Data shown section start

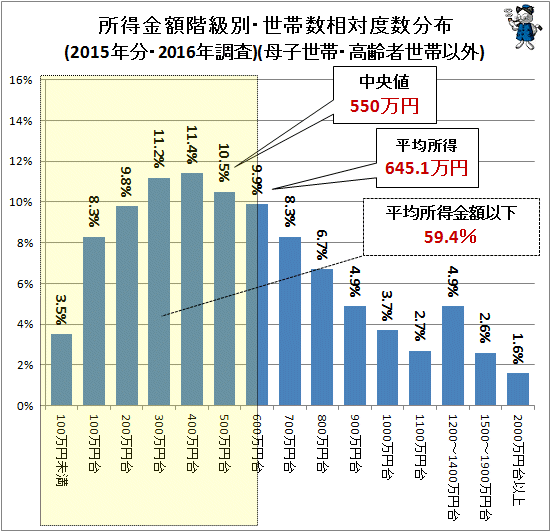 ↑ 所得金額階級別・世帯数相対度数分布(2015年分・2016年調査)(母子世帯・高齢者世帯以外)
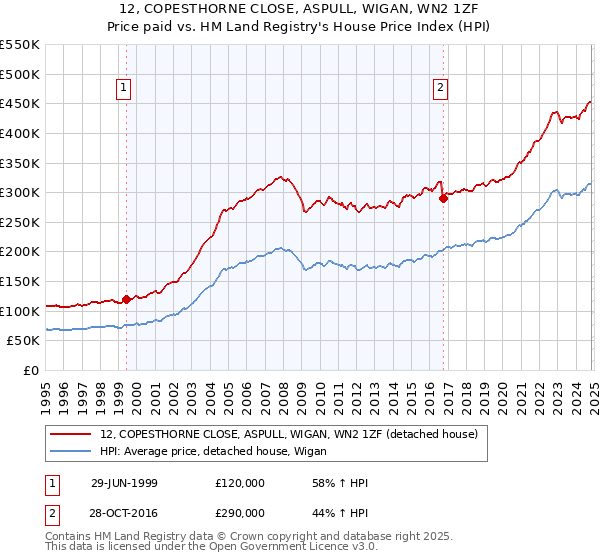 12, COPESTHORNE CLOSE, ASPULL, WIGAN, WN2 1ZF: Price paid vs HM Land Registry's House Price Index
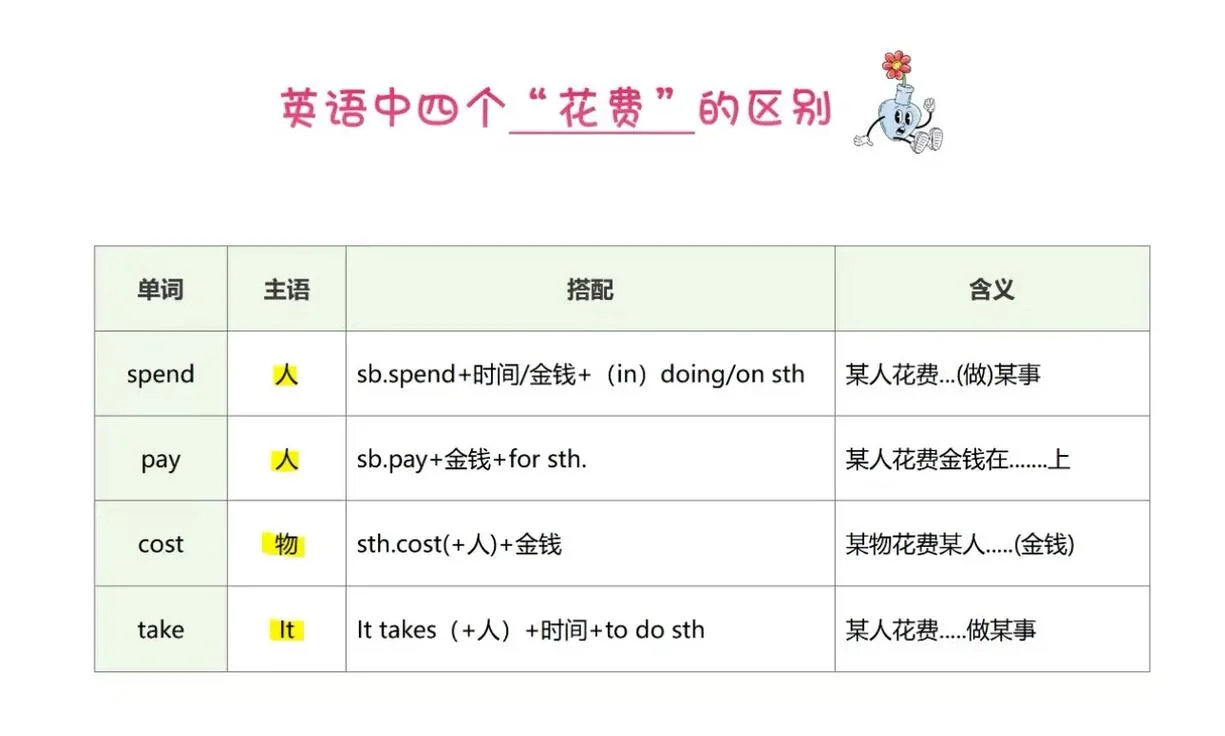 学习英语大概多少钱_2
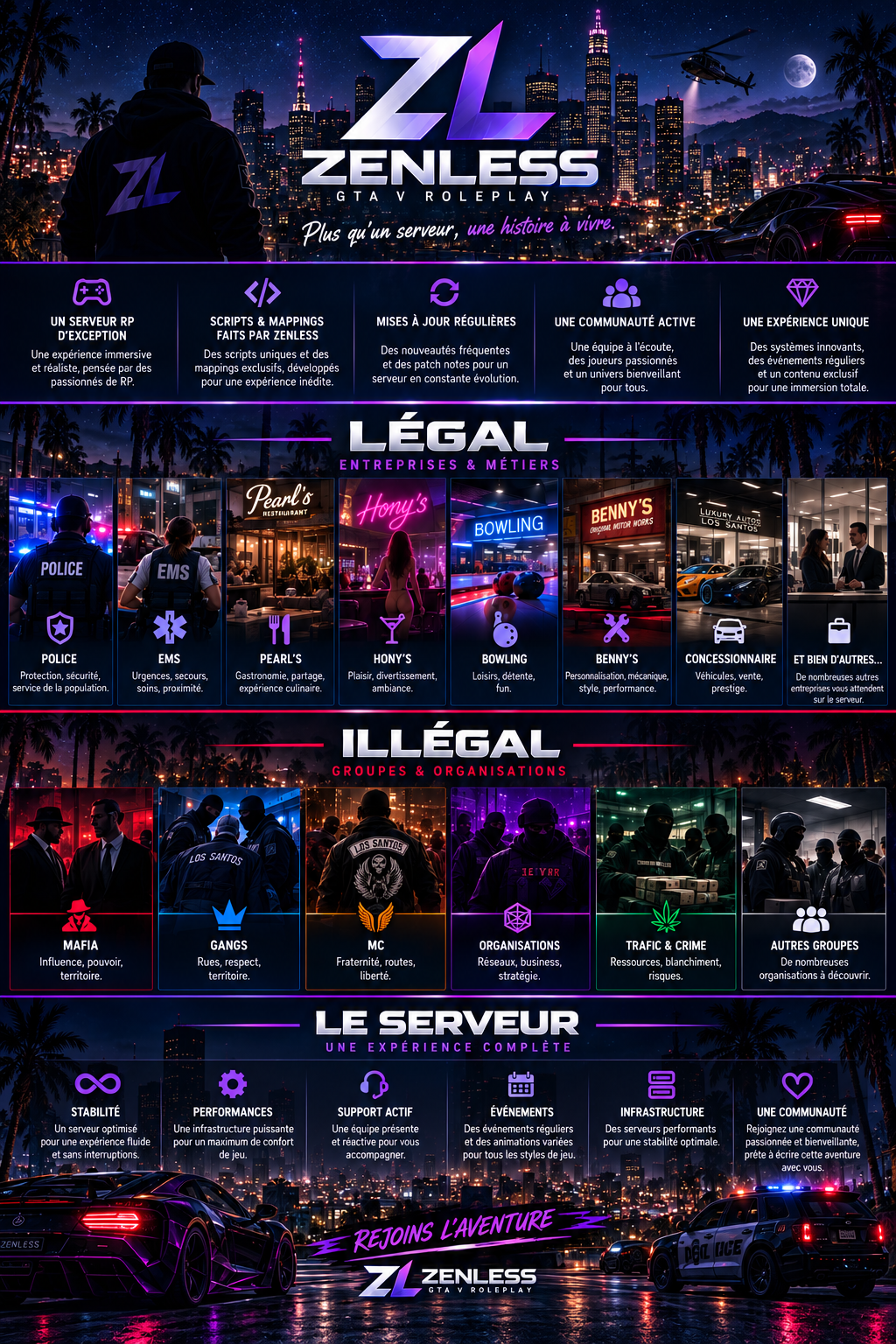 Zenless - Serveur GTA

Data shown section end
Data shown section start

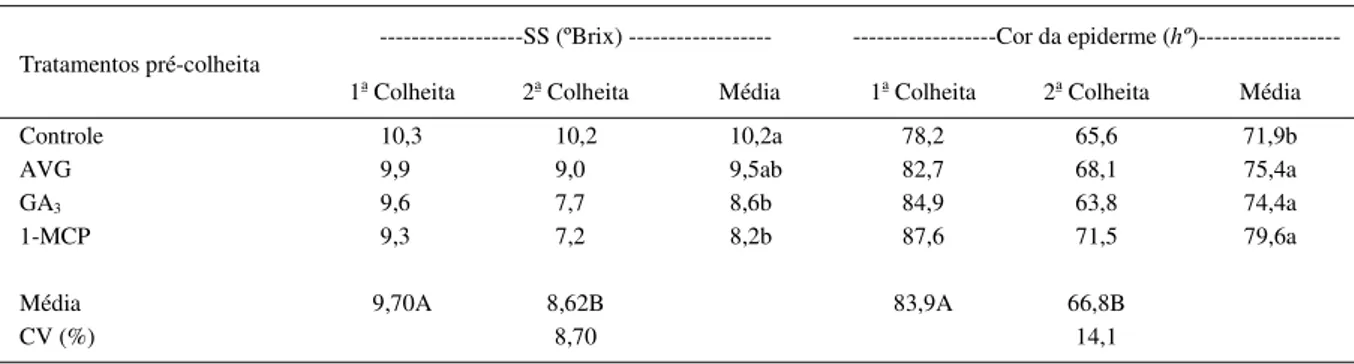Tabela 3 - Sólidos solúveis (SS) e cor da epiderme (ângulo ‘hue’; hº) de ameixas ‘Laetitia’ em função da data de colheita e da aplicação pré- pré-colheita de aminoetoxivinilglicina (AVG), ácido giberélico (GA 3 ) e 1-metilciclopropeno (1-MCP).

Data shown section end
Data shown section start

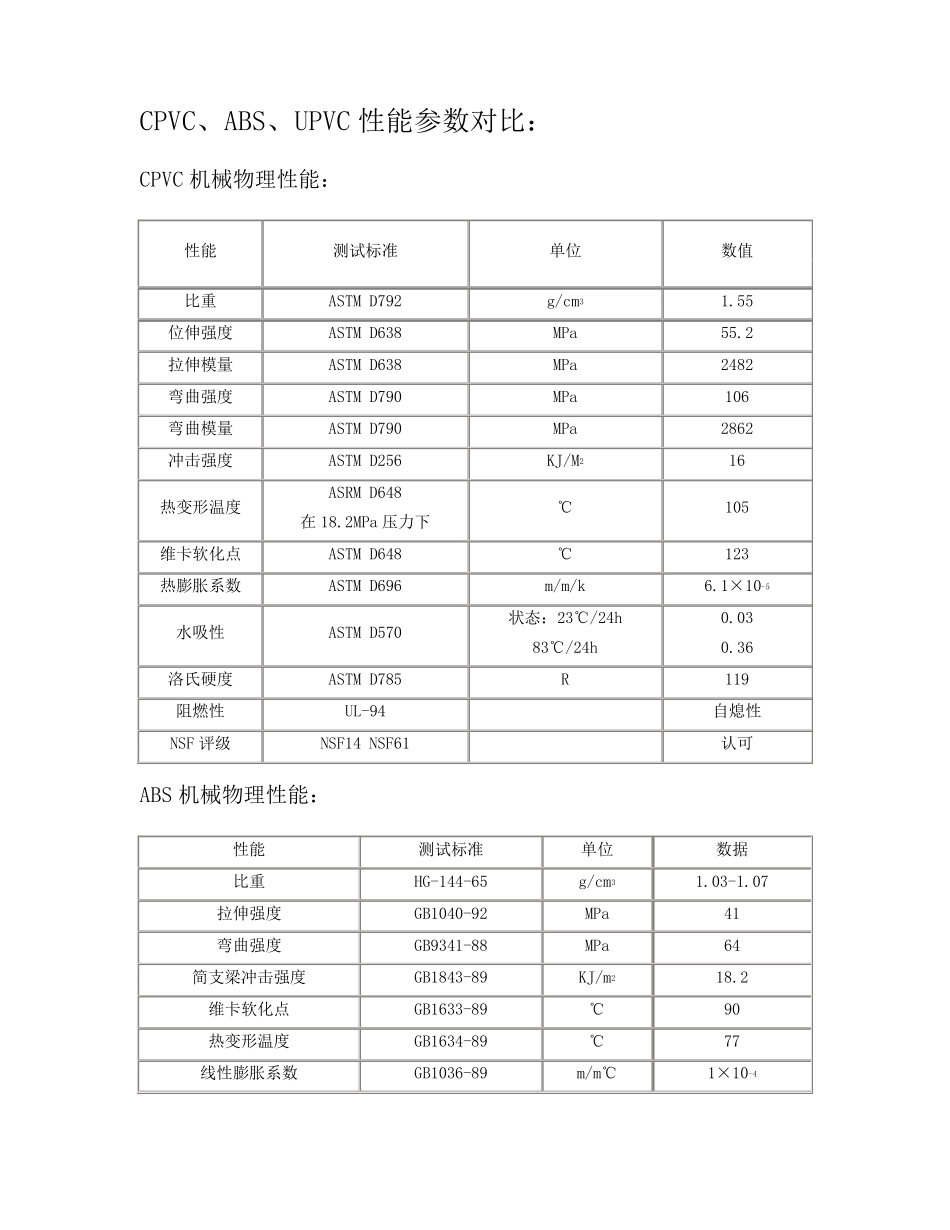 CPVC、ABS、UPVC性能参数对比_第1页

Data shown section end

Copy the lines above exactly, starting with the line that contains "12, COPESTHORNE CLOSE, ASPULL, WIGAN, WN2" and ending with the line that contains "Zenless - Serveur GTA", and leave out any pictures.

# Solved exercise
 12, COPESTHORNE CLOSE, ASPULL, WIGAN, WN2 1ZF: Price paid vs HM Land Registry's House Price Index
 学习英语大概多少钱_2
 Zenless - Serveur GTA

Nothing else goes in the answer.